--- Exercise data Enclosed Below ---

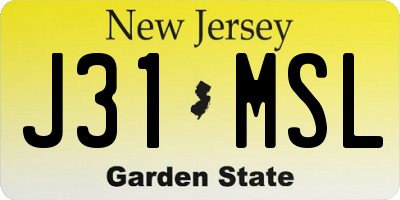 NJ license plate J31MSL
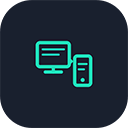 Icon of a desktop computer monitor and a smartphone in teal on a dark background.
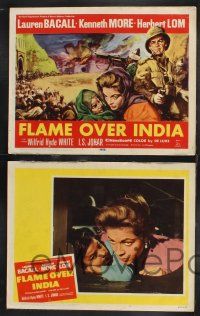 3d483 NORTH WEST FRONTIER 8 LCs '60 sexy Lauren Bacall & soldier Kenneth More, Flame Over India!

--- End of Enclosed Exercise data ---

#### [Action item]
The data above must be copied exactly. Leave out the pictures.

#### [Answer box]
 NJ license plate J31MSL
 Icon of a desktop computer monitor and a smartphone in teal on a dark background.
 3d483 NORTH WEST FRONTIER 8 LCs '60 sexy Lauren Bacall & soldier Kenneth More, Flame Over India!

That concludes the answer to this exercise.